You know, Buffalo has been the mud for how many years until this year.
And what made it more transparent, because I'll tell you this guys, I know that Toronto
was in trade discussions with the Buffalo Sabers and with the Montreal Canadians.
Now I don't know that Matthew Neyes was ever really likely going to be traded at the
trade deadline.
But the two names that Keith Pelley mentioned, most definitely would have been names that
Brad Trillivine would have asked for in those trade conversations.
Michael Hage and Radham Murkut.
And I can tell you that when that came out, just the way it was just disclosed that way,
a couple of teams went, nah, that's no good.

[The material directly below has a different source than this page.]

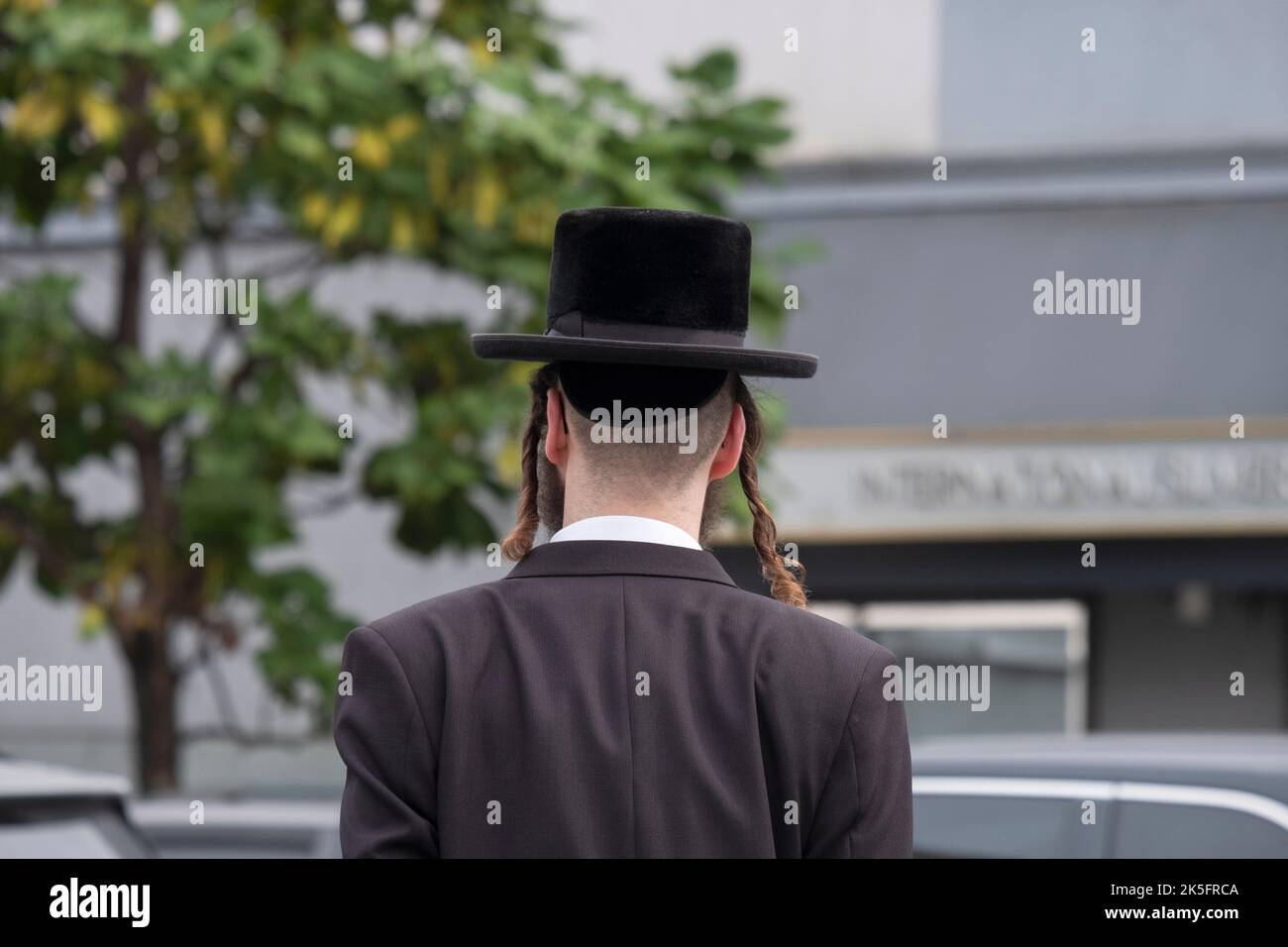 A generic photo of an anonymous hasidic Jewish man with long peyes and wearing a black hat. On Bedford avenue in Williamsburg, Brookly, New York Citry. Stock Photo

You just stay in your lane here.
So it feels like tampering to be mentioning other teams players, and that's the Sabers
top prospect, big demand that they love.
Yeah, it was at Hage's terrific too.
And look, it's not that, you know, Murkut was involved in the St. Louis Blues negotiations
with Robbie Thomas and maybe Uncle and Parakeye, I don't know.
But, you know, for the president, not of hockey operations, of Make Believe Sports,
that entertainment to start lobbying up prospect names and, you know, saying that you got
hit by a train, which was Buffalo and Montreal, which kind of knocked you out of your spot
in the division.
That's not reality.
That's not what happened.
To me, it screams of the organization's need for a president again, because we saw
for so many years, not that Shanahan did a great job that didn't have blemishes, because,
you know, we're a lot of blemishes.
When you have a Toronto downtown corporate guy who has sports experiences running the European
golf tour, and, you know, sports networks, TV, when the GM is in charge, and he's the only
guy above them, like, it reminds me of when Brian Burke was here, and how important that
buffer was, or Ken King and that buffer between GM and ownership, they need higher president.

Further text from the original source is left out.